I hinted in my last post that there's another reason I like the triangle. In my view it's a fairly interesting tool when examining the theories of others about popular music. By positing a set of three categories of popular music we can easily look at how aesthetic theories overlap, interact and differ, and while I certainly can think of theories that don't fit the system at all a remarkable number do.
I think this has a lot to do with the perceived values, or if you like authenticities of the three corners of the triangle. Personal or artistic authenticity is key to the arty-pop corner. Cultural authenticity is what defines folky-pop (in whatever sense you put into the word, I personally don't see traditionalism as part of it for instance). And I guess a kind of populist authenticity defines the commercial pop corner - if people are buying it, who are you to say it's bad?
These kinds of values are very common in music discourse, the first since the early romantic period, the second since national romanticism and the third more recently.
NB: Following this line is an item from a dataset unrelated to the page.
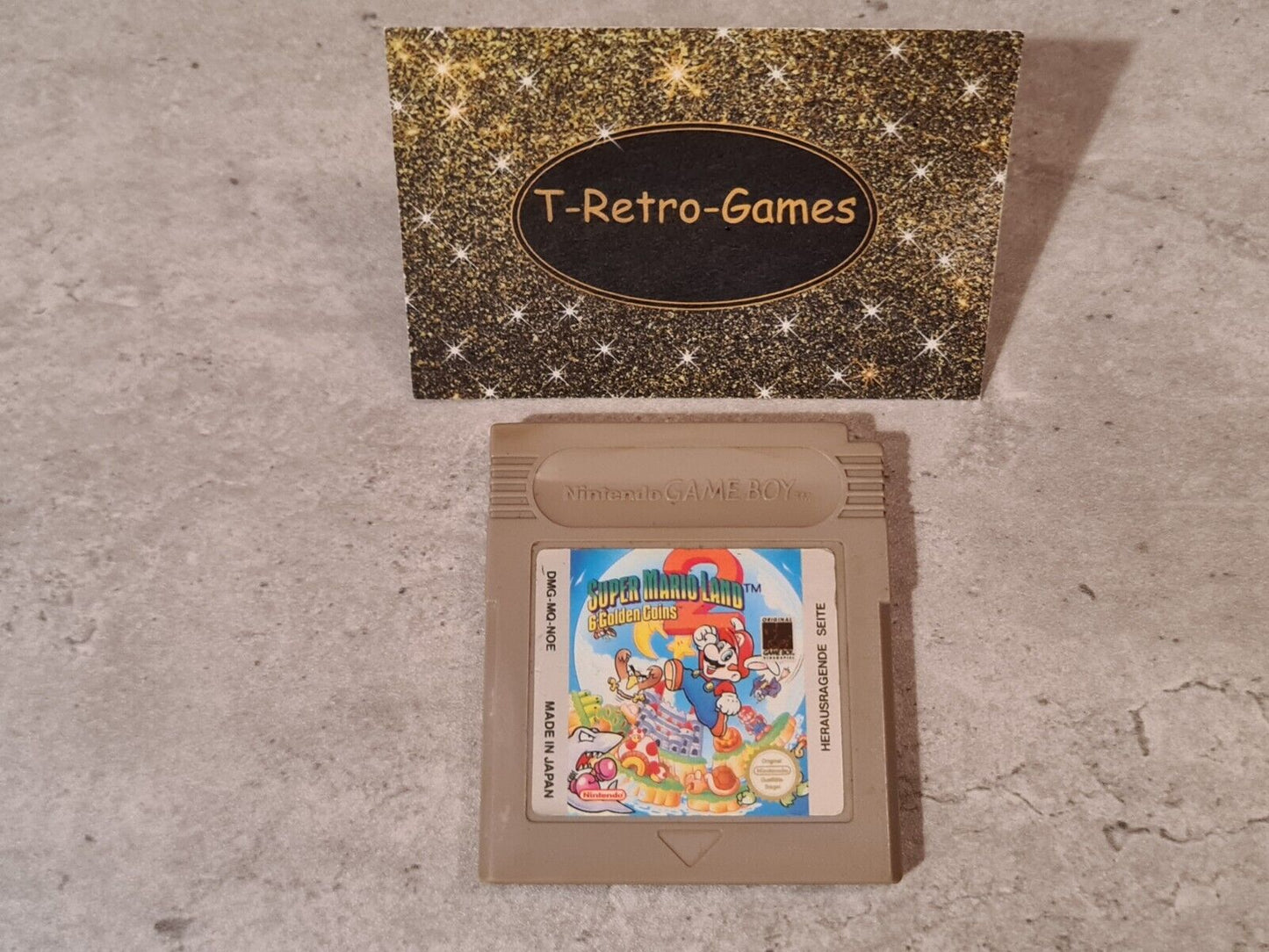 Nintendo Gameboy Classic Spiel Super Mario Land 2: 6 Golden Coins Modul NOE - T-Retro-Games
Although it's often not explicitly said, I think these valuations underlie a lot of the theories about popular music, concious and unconcious. The standard "music journalist consensus" for example definitely likes arty-pop, has an ambivalent relationship to folky-pop and hates commercial pop. (Remarkably similar to the romantic aesthetic that still permeates classical music, by the way, but on a smaller scale.)
For this post I'm singling out two well-known theories of popular music and one less-known, all of which posit a dichotomy but that I nevertheless think make sense graphing on the triangle.
First up is Critical Theory. Although granddaddy Adorno himself hated all popular music, even the pretentious stuff, some later critical theorists have accepted the arty end as having "truth content", freedom and creativity. Critical theory also makes the not-that-startling claim that the commercial pop corner of music is manipulating the populace into docile servility to the capitalist system.
However, the interesting point the theory makes (as made apparent using the triangle) is that the variety offered by the seemingly self-created and self-maintained folky-pop corner is in fact only "pseudo-individuality". Its pleasures are easy and escapist and serve exactly the same purpose as commercial pop, to distract from the economic hardship of the people.
So what the theory does is basically actively define away one of the corners of the triangle. Our second theory, Cultural Studies, arose at least partly in response to this curtailing - one definitely gets the sense that a basic desire there is to re-appraise the self-created culture of the working class. Cultural Studies concedes the idea of a culture industry creating according to a capitalist agenda, but its central theory is on the reception end. Some people do fall for the hegemony, but a lot of them "negotiate" the culture for their own ends and the media is a battleground rather than purely hegemonical. This focus on (essentially working class) reception means Cultural Studies hardly ever deals with the arty stuff. It's basically outside the theory (or can be constituted as belonging to either side).
A third fascinating theory, though I guess less academic, is the one presented by Martha Bayles in her book Hole in Our Soul. Her basic contention is that the real, popular, civilized music (very obviously her imagining of the folky-pop) has been destroyed by what she calls "perverse modernism", the desire to shock (which she traces from futurism to 2 Live Crew). This is interesting because not only is the bunt of the argument directed against arty-pop, but on closer reading she actually includes commercial pop in this category as well! How's that for a different perspective on the triangle?
So as a thought experiment the triangle is not a bad one. It's limited in that it does not differentiate between different conceptions of the same corners - for instance you can have two or more competing types of cultural authenticity that would be in conflict with each other without it becoming apparent on the triangle.
But enough with the triangle already. A futher discussion on the musical characteristics of the three corners will appear under the heading "Genre of the Week: Pop, part 2" in due course.